IDXChannel - Indonesia termasuk 20 besar negara yang terdampak parah akibat dampak perubahan iklim berupa cuaca ekstrim. Ditambah lagi, di tengah tren perdagangan dunia yang semakin mengedepankan aspek green pada produk manufakturnya, industri Indonesia harus bersaing dalam mengembangkan teknologi energi terbarukan dan berbagai kebijakan untuk mengurangi emisi karbon selambatnya pada 2050.
Direktur Eksekutif Institute for Essential Services Reform (IESR) Fabby Tumiwa menekankan bahwa berdasarkan studi Deep Decarbonization of Indonesia’s Energy System yang dikeluarkan oleh IESR, Indonesia mampu untuk mencapai target Persetujuan Paris netral karbon pada 2050.
Dekade ini menjadi penting, karena Indonesia harus segera mencapai puncak emisi di sektor energi pada tahun 2030 dan mendorong bauran energi terbarukan di sektor ketenagalistrikan mencapai 45%.

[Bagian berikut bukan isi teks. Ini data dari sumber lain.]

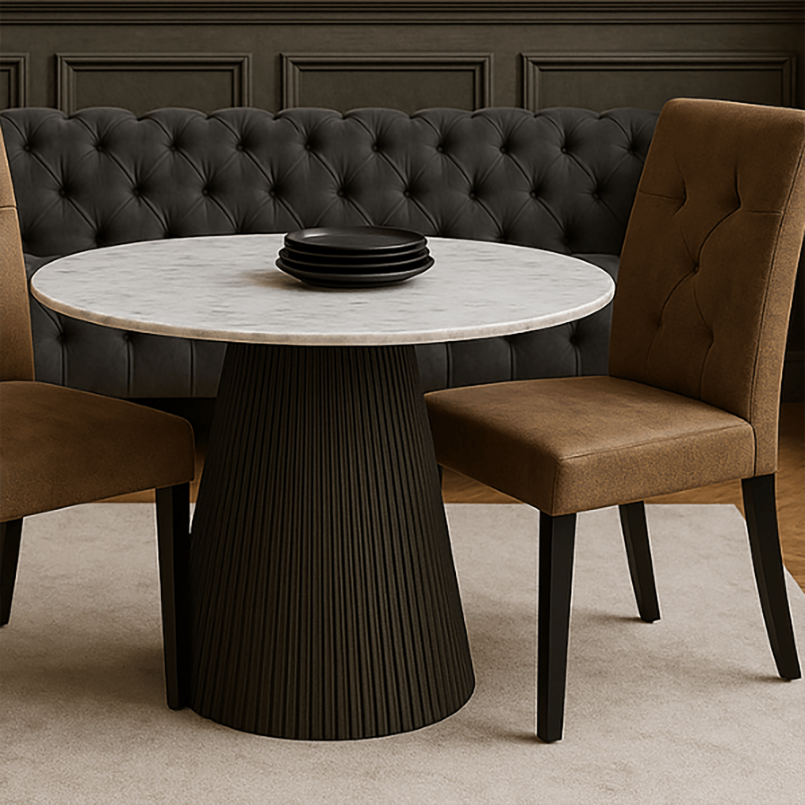 Table en marbre blanc et manguier - Glenn - Kare Design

"Ini menyiratkan bahwa pengembangan energi terbarukan harus ditingkatkan 7 hingga 8 kali lipat, termasuk efisiensi energi di sisi permintaan, dan mulai menghentikan pembangkit listrik termal untuk mengakomodasi energi terbarukan skala besar, dan modernisasi jaringan kita," ujarnya dalam Indonesia Energy Transition Dialogue (IETD), Senin (20/09/2021).
Ketua Dewan Penasihat Indonesia Clean Energy Forum (ICEF) Kuntoro Mangkusubroto mengatakan, Indonesia perlu dukungan sosial politik yang jelas dan tepat untuk mengawal proses transisi energi.

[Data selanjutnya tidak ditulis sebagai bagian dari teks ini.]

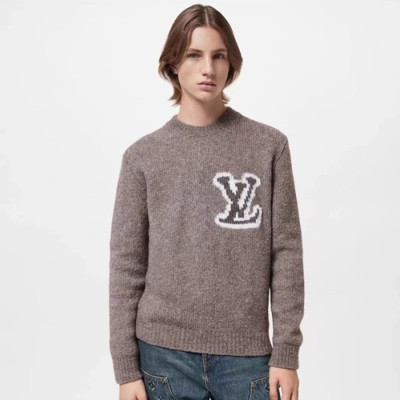 루이비통 남성 그레이 크루넥 니트 - Louis vuitton Mens Gray Knits- lv2016x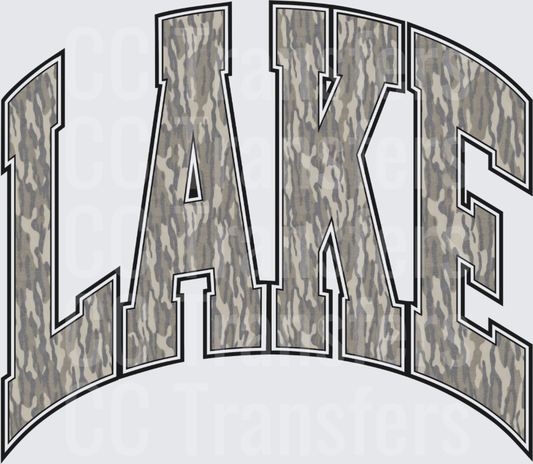 Arched LAKE Camo Print Bold Block Letters (DTF)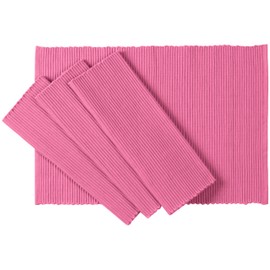 C'est Ca Textiles Ribbed Cotton Placemats, Set of 4, Azalea Pink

"Bagi negara berkembang seperti Indonesia, penghentian pengembangan energi bahan bakar fosil sangat penting, karena jika tidak, akan terlambat dan terlalu mahal untuk mengurangi emisi gas rumah kaca dan polusi udara," ungkapnya.

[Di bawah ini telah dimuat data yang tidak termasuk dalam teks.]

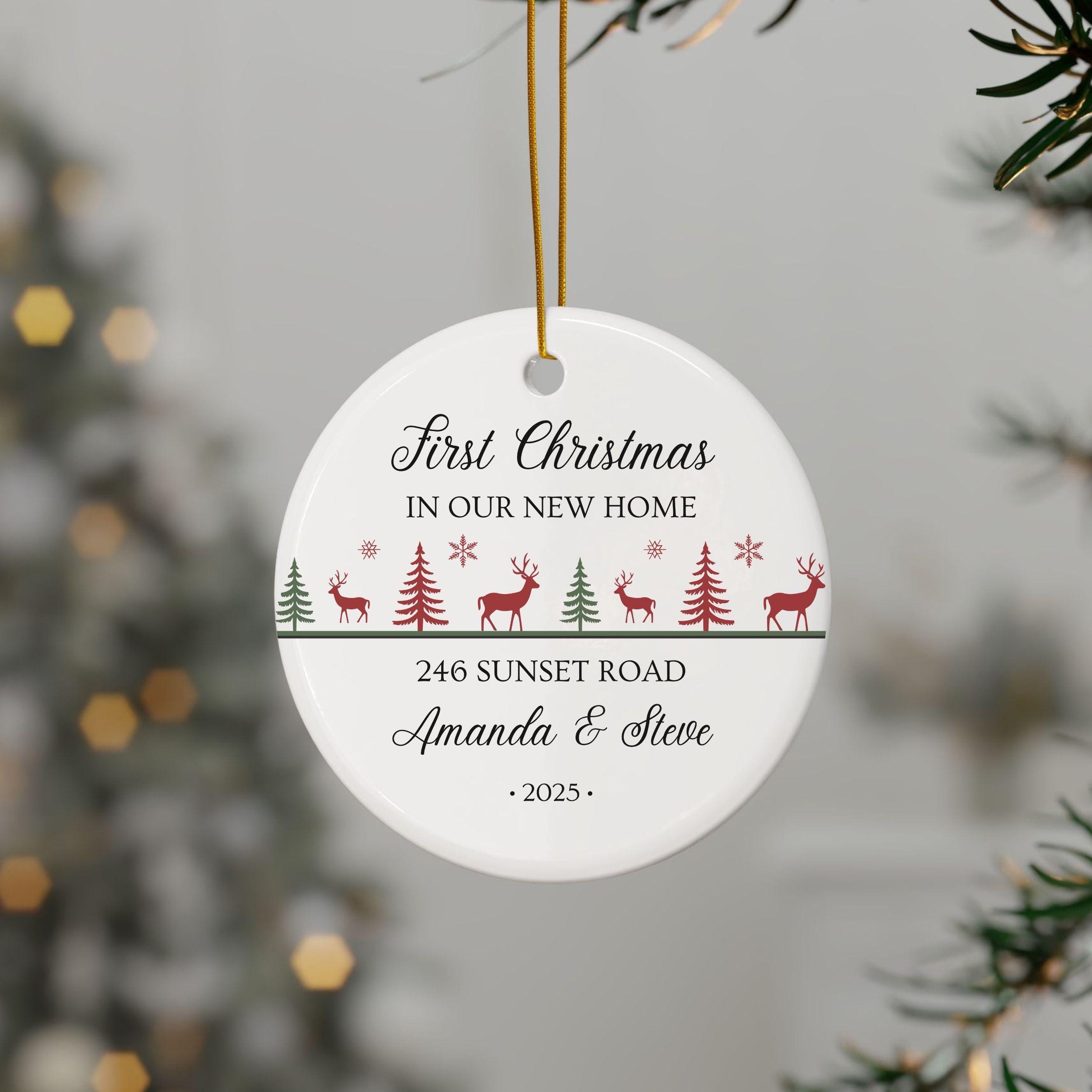 Personalised New Home Christmas Bauble – Street Name & Address Keepsake (Metal, 8cm)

Menurut dia, pemerintah Indonesia masih memiliki pekerjaan rumah yang penting diantaranya untuk segera menyusun rencana energi nasional yang terintegrasi, memitigasi dampak transisi energi terhadap industri bahan bakar fosil, menggunakan teknologi rendah karbon dalam industri transportasi, dan mempertimbangkan prinsip berkeadilan selama masa transisi.
Menanggapi hal tersebut, Menteri PPN/Kepala Bappenas Suharso Monoarfa menyampaikan, proses transisi energi perlu dilakukan untuk mengurangi emisi karbon. Adapun beberapa langkah yang akan ditempuh untuk dekarbonisasi sistem energi Indonesia antara lain dengan mempercepat upaya peralihan ke energi terbarukan dan pengembangan energi baru terbarukan.
"Strategi lainnya ialah dengan program efisiensi energi dengan mempertimbangkan keselarasan antara pengaturan sumber dayanya, variabel kebijakan keuangan, dan peran seluruh sektor," tuturnya.